▸ **EXERCISE INPUTS**
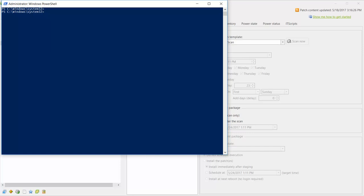The first time you use the API, you should load the st-protect API module. You do this by executing the import module PowerShell command. I ran this command earlier while preparing for this video, so I can use the up arrow shortcut to quickly find and execute the command again. The st-protect API module contains API calls that allow you to interact with many of the functional areas within Ivanti Patch for Windows Servers. We are now ready to use the API.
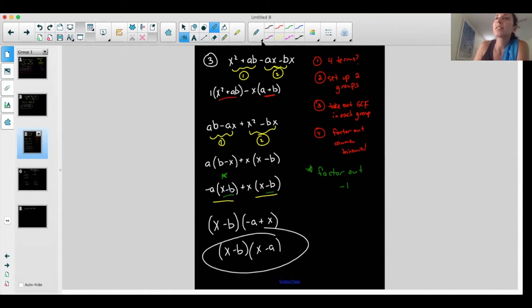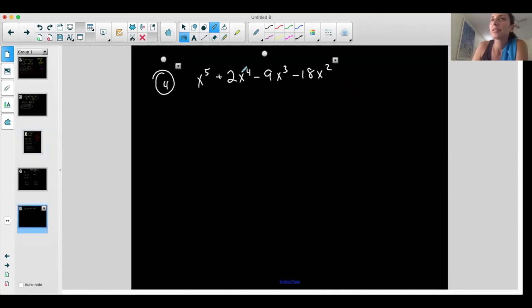Now I have a common binomial x minus b. So I can actually continue to factor by grouping and take out the common binomial x minus b. When I do that, I'm left with negative a, and took out x minus b plus x. Double check — multiply it out and see if you get the correct answer. This was a very special problem because I had to rearrange the terms and then use the extra algebra trick of factoring out a negative one to create the common binomial.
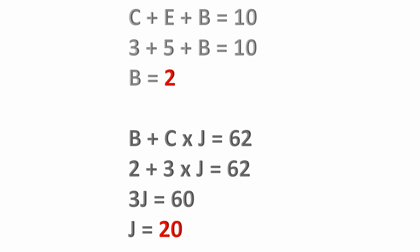And from here, we can subtract 2 from both sides of that equation. 2 minus 2 on the left, you don't have anything left but 3j, 3 times j. On the right side, 62 minus 2 is 60. So we're down to simplifying this to 3j equals 60. If you divide both sides of that equation by 3, we're left with j equals 20.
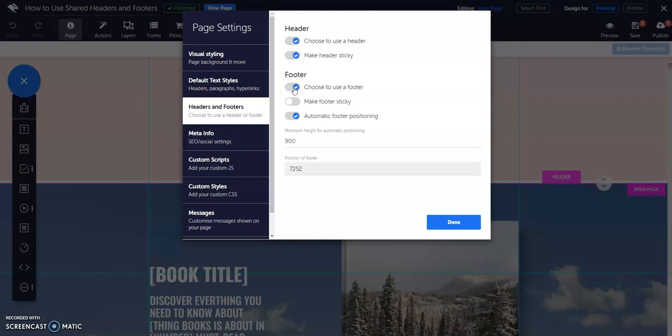If you don't want to use your shared header or footer on one of your pages, here's how you can do it. On your page, go to page settings and select headers and footers.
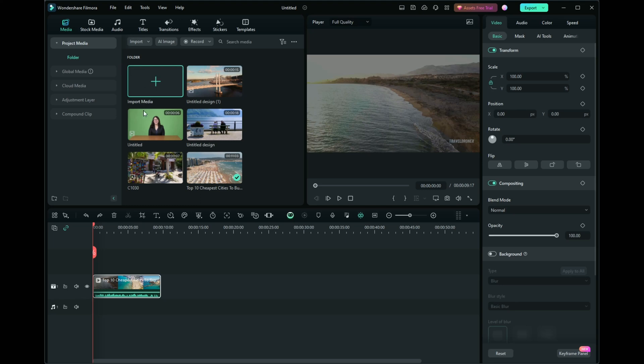Hello everyone. Today we're diving into how to effortlessly auto-generate and customize subtitles in Filmora 13.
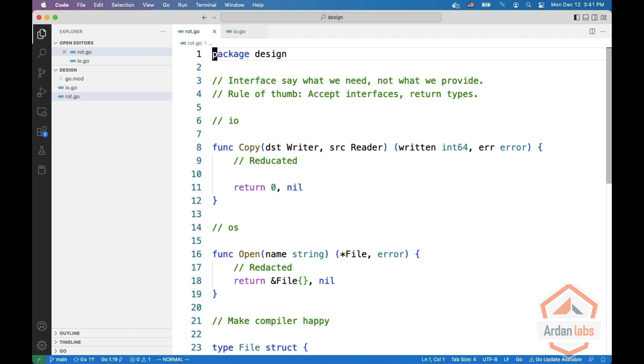Welcome, my name is Miki and welcome to our series about interfaces in Go. In this video we're going to talk about interface design.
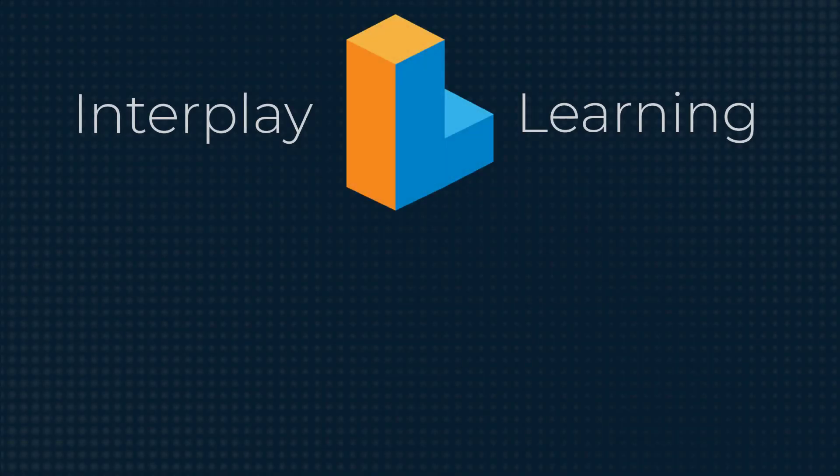Do you want to try 3D simulations and VR HVAC training yourself? Then visit interplaylearning.com to start a free trial today.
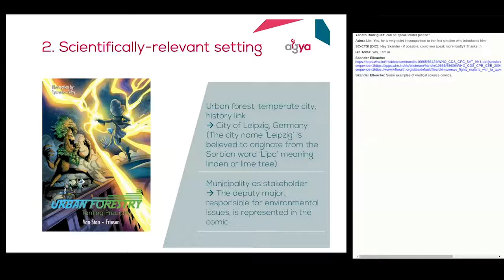One of the stakeholders in the urban forestry comic is the municipality — the city itself. So we included the deputy mayor responsible for environmental issues of the city of Leipzig, represented in person in the comic. Of course, prior to releasing the comic, this was all coordinated with the city and the deputy mayor to ensure they agreed to being included.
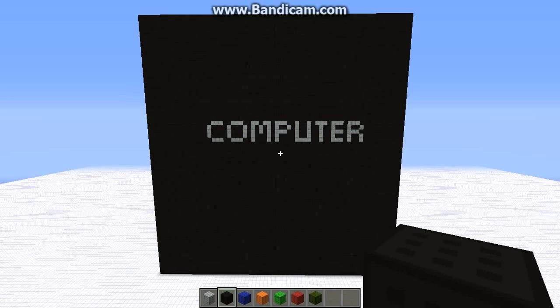Hello everyone, welcome back. In this video, we're going to be choosing a starting point.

▸ **TASK**
From the first line above through the line containing "Now I have a", copy everything exactly, without the pictures.

▸ **SOLUTION TO THE EXERCISE**
The first time you use the API, you should load the st-protect API module. You do this by executing the import module PowerShell command. I ran this command earlier while preparing for this video, so I can use the up arrow shortcut to quickly find and execute the command again. The st-protect API module contains API calls that allow you to interact with many of the functional areas within Ivanti Patch for Windows Servers. We are now ready to use the API.
Now I have a common binomial x minus b. So I can actually continue to factor by grouping and take out the common binomial x minus b. When I do that, I'm left with negative a, and took out x minus b plus x. Double check — multiply it out and see if you get the correct answer. This was a very special problem because I had to rearrange the terms and then use the extra algebra trick of factoring out a negative one to create the common binomial.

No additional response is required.